Editorial. Stagnation in gross FDI flows needs attention bl-premium-article-image

BL Chennai Bureau Updated - May 31, 2024 at 09:35 PM.
India is among the top ten economies which are expected to receive large FDI flows in 2024 | Photo Credit: PonyWang

Recent numbers released by the Reserve Bank of India on foreign direct investments for FY24 raises concerns over weak gross inflows. But the alarm being raised over the decline in net FDI to $10.6 billion is overdone. Fall in net FDI flows is led by repatriation and divestment touching a decadal high of $44.4 billion. While it is being inferred that the high repatriation figure implies that foreign promoters and investors are exiting India or withdrawing large sums out of the country, that may not be the case.

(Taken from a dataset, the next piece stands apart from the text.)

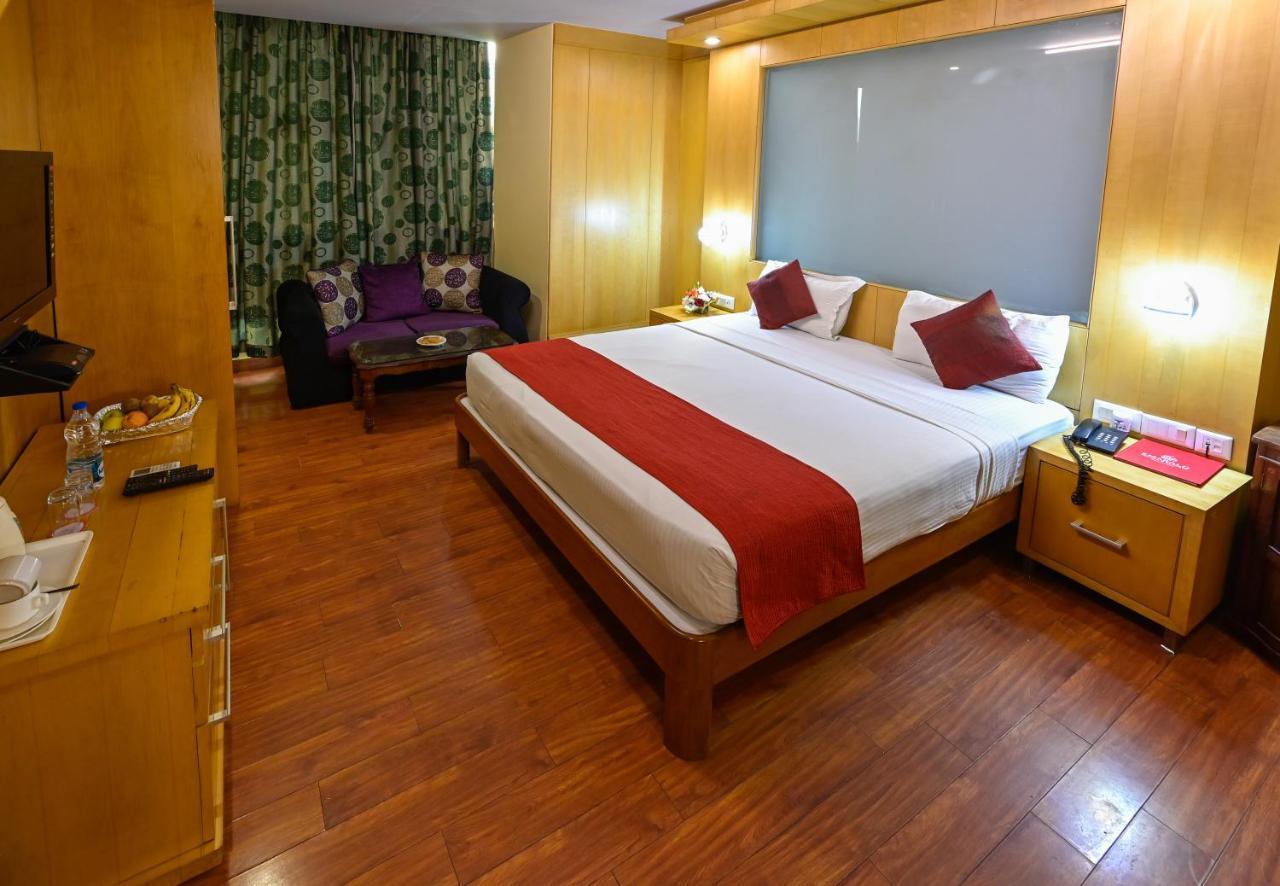 Hotel Emarald, Neu-Delhi Exterior foto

The repatriation numbers have jumped due to foreign investors booking partial profits on their holdings in Indian companies due to the strong rally in the stock market, last fiscal year. These outflows will moderate as the bull-run in small and mid-cap stocks abates. An analysis by this newspaper shows that foreign promoters of 66 listed companies pared their stakes in FY24. While the stake sales staked between 1 and 30 per cent, most of the promoters sold less than 5 per cent stake. It is noteworthy that almost all promoters continue to hold significant stakes in their companies, negating the perception that they are stampeding out of India. The companies have also announced to the public that they wish to continue doing business in India for the long-term. They have termed their share sales last fiscal year as unlocking of some value and reallocation of capital to other regions. Besides this, many PE and VC investors have also used the improving valuation in start-ups to pare or exit their stake. Sales by these investors amounted to $12 billion in 2023, across 109 deals.

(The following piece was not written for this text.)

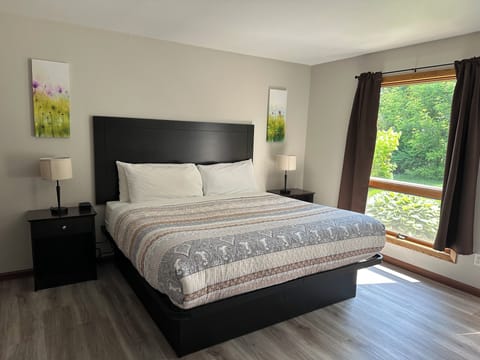 1 King (Ground Floor) | Individually decorated, individually furnished, blackout drapes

These sales seem to be driven by the pressure on these funds to distribute returns to their investors. MNCs have paid large amounts of dividends to their shareholders given the improvement in their profitability due to falling commodity prices. As demand conditions become more challenging and affect profitability, dividend repatriation can also moderate going ahead. A reversal in interest rate cycle in the US and the UK could also help stem the reallocation of capital out of India. But there is certainly a marked slowdown in gross FDI inflows. It was stagnant at $71.4 billion in FY24 when compared to the previous fiscal, but it is down 15 per cent when compared to FY22. That was the year when FDI inflows spiked sharply due to deals done by the Reliance Industries group across their verticals. This should be kept in mind while reading the data. Tightening global liquidity and increasing cost of funds as global central banks tightened their monetary policies to fight inflation may also have affected inflows in the last two years. The uncertainty around the general elections could also be holding the foreign investors back.

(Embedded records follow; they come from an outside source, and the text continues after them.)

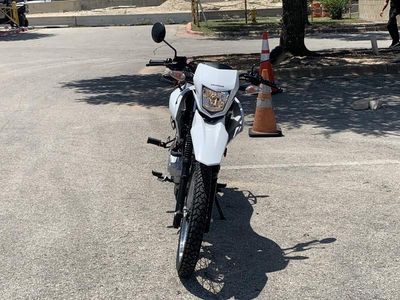 2025 Honda XR150L — rear three-quarter view
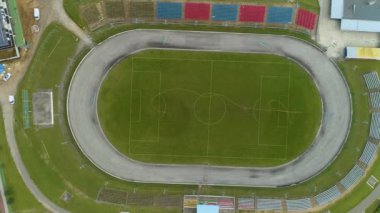 Speedway Futbol Stadyumu Pila Stadyumu Zuzlowo Pilkarski Hava Manzaralı Polonya. Yüksek kalite 4k görüntü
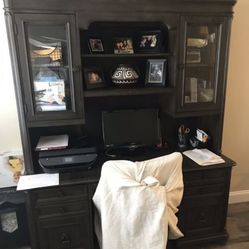 Gorgeous Executive Desk & Hutch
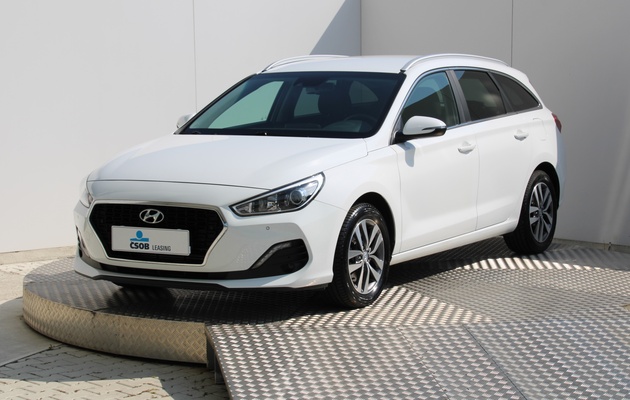 HYUNDAI i30 CW Family vehicle-image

But as the RBI notes, India is among the top ten economies which are expected to receive large FDI flows in 2024. The next government should make sure that this potential is realised, for FDI inflows are required to help buttress government capital expenditure, in the absence of a revival in private capex. To enable this, ease of doing business in the country needs to be improved significantly by simplifying compliance and expediting approvals.